Students will be invited to given a login for this site after Final Project groups are finalized onJanuary 27.
Checkpoints, the Final Report and Peer Reviews will be submitted via this account.
Your individual code will be submitted via your group's GitHub repository, which we'll invite you to after your account is created.
Code Deliverable
Overview
You're meant to turn in all of your work in a replicatable form. We need to be able to run your code and get your exact results.
If you used downloaded files and they're reasonably sized, upload them with your submission. If they're huge, upload a link to them along with clear instructions for downloading.

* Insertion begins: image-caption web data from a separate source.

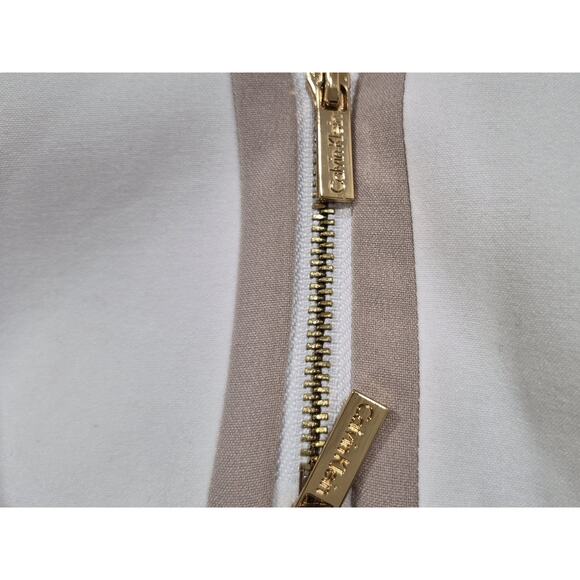Calvin Klein Women's Blazer Jacketwhite with Beige Gold Zipper Size 2 New With T - Picture 5 of 5
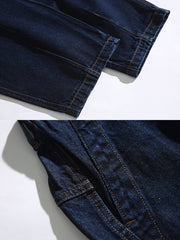 ウエストゴム 装飾ポケット デニムパンツ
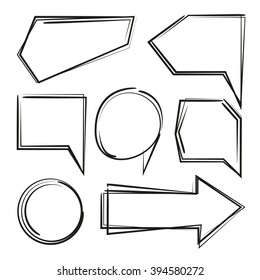 hand drawn speech bubbles, cartoon bubbles, arrow, marker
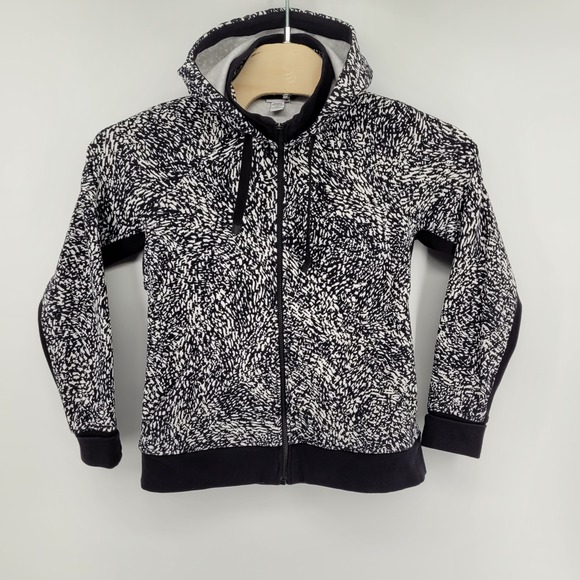 Athleta Tops - Athleta Triumph Printed Hoodie Womens Large Black White Full Zip 511504-10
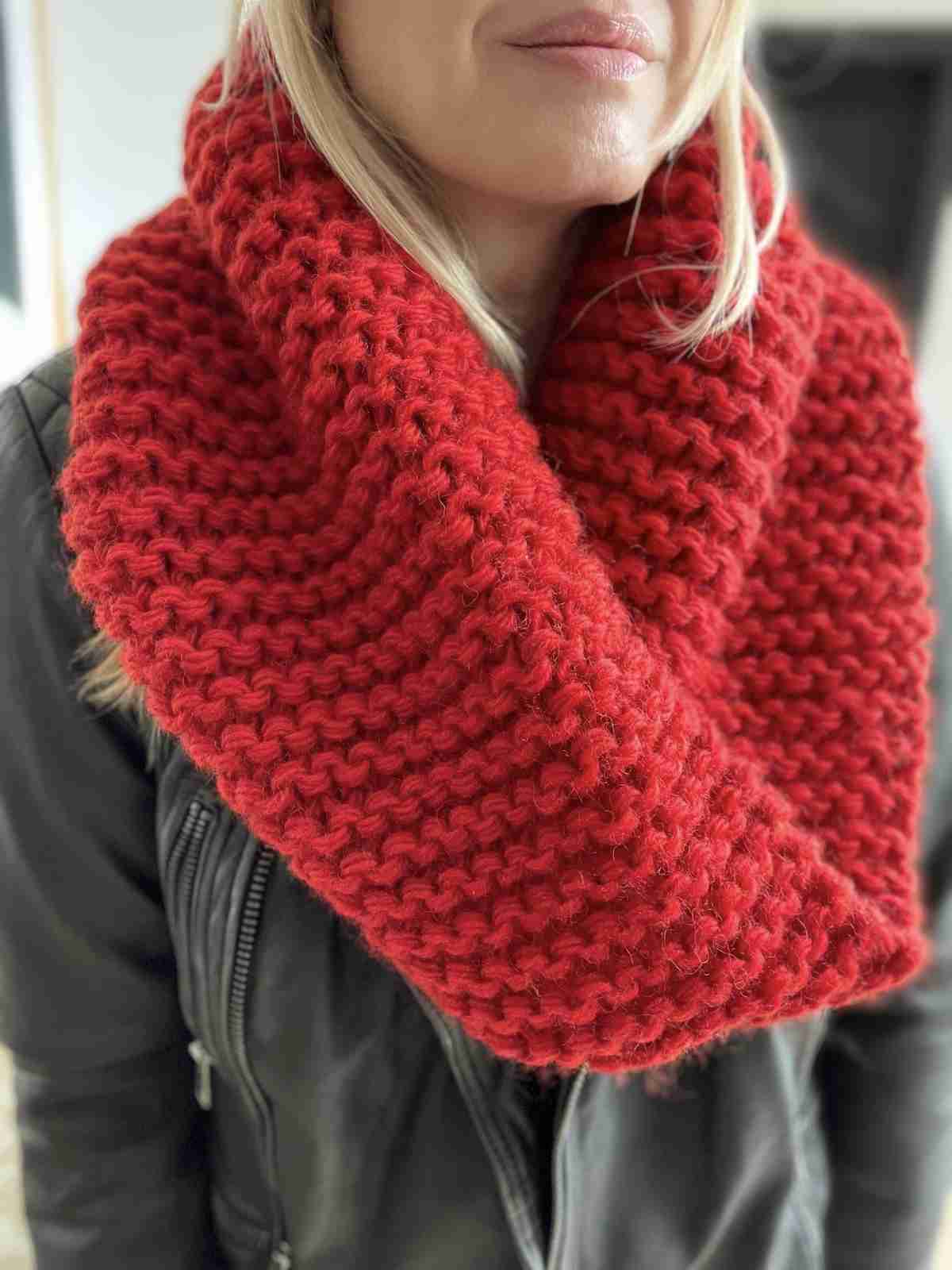 Pure wool chunky knit red scarf | fwp by rae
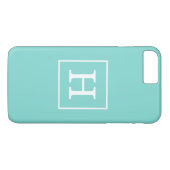 Aqua Türkis White Gerahmt Initial Monogram Case-Mate iPhone Hülle (Rückseite (Horizontal))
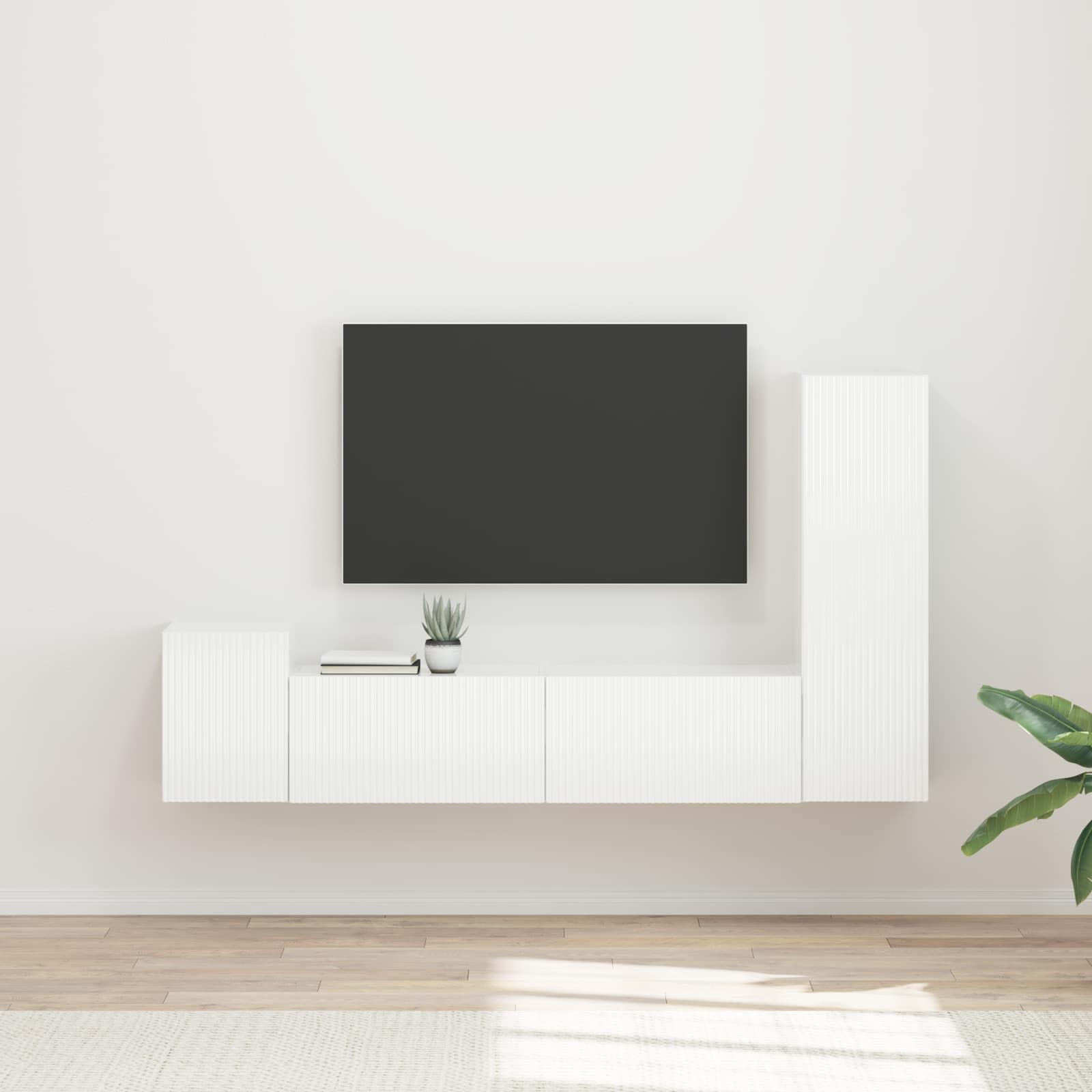 Ensemble meuble TV 4 pcs Blanc brillant Bois d'ingénierie - XIOS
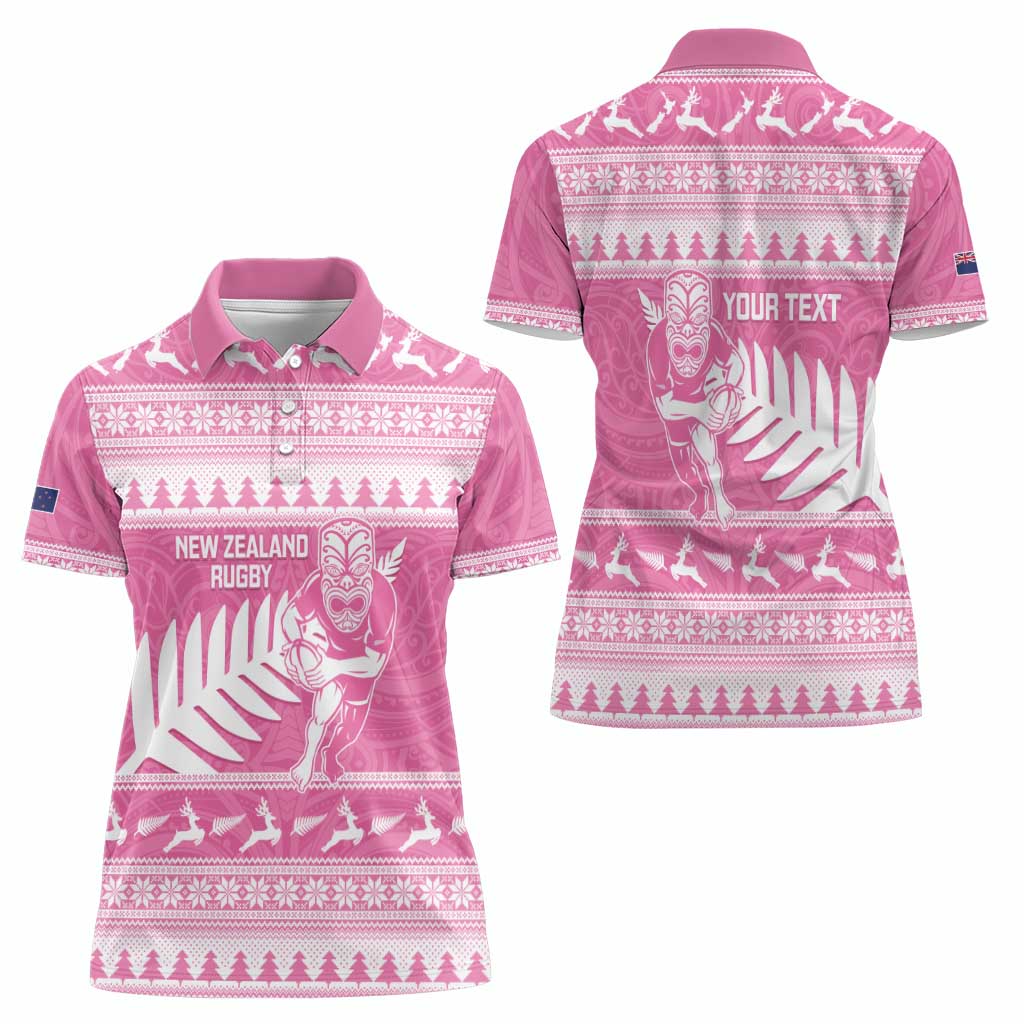 New Zealand Christmas Rugby Personalised Women Polo Shirt Meri Kirihimete All Black Maori Pink Version - Aussie Hoodie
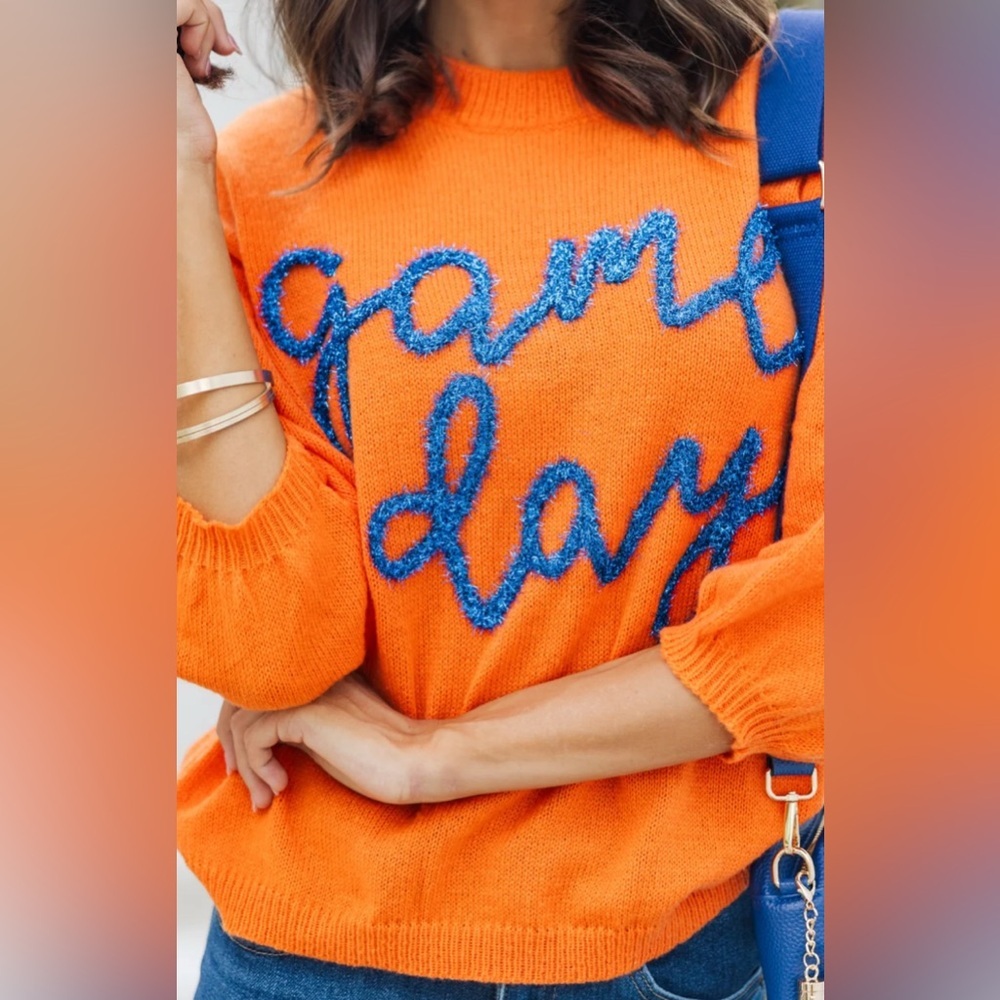 BiBi Game Day Orange Sweater with Blue Script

Important: Code accounts for 40% of your Final Project grade
Your code submission is a critical component of your project and is graded individually for each student. Each team member must submit their own analysis code. We need to be able to understand and reproduce your analysis.
Deliverables
1. Data Loading and Cleaning Code
Code to load, clean, and process your datasets. We should be able to run these steps and get your exact cleaned data. Include all data preprocessing, missing value handling, and feature engineering.
Team vs. Individual Work
Initial data cleaning and processing can be shared team work (placed in repository root). If you work with additional datasets for your individual analysis, place that cleaning code in your personal folder.
2. Data Integration Code
Since you're combining multiple data sources, provide the code used to join/merge your datasets. This is crucial for understanding your data integration approach.
Team vs. Individual Work
Basic data integration can be shared team work (placed in repository root). Individual analyses may require additional data merging specific to each approach.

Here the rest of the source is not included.